Each line from the one containing "Green hummingbird bracelet" to the end of the records should be copied exactly, and no other line.

START Materials provided

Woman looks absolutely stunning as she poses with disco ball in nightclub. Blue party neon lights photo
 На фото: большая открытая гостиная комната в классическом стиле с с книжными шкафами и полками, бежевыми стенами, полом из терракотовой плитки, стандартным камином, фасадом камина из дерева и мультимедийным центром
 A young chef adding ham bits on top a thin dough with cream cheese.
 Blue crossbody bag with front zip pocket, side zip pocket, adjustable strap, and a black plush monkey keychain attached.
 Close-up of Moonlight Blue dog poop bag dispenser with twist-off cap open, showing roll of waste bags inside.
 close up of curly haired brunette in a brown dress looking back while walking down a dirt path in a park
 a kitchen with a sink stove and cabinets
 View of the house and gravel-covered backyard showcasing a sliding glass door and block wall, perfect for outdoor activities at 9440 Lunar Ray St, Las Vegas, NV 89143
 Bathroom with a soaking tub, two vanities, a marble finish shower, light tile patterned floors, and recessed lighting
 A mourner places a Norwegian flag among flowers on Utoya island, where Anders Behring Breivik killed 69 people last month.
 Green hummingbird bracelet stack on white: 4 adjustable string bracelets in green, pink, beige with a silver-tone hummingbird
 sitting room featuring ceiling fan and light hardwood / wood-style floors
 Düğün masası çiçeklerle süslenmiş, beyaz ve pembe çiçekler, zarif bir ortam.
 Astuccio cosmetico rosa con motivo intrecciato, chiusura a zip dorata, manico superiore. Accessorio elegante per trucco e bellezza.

END Materials provided

*Result of this task*:
 Green hummingbird bracelet stack on white: 4 adjustable string bracelets in green, pink, beige with a silver-tone hummingbird
 sitting room featuring ceiling fan and light hardwood / wood-style floors
 Düğün masası çiçeklerle süslenmiş, beyaz ve pembe çiçekler, zarif bir ortam.
 Astuccio cosmetico rosa con motivo intrecciato, chiusura a zip dorata, manico superiore. Accessorio elegante per trucco e bellezza.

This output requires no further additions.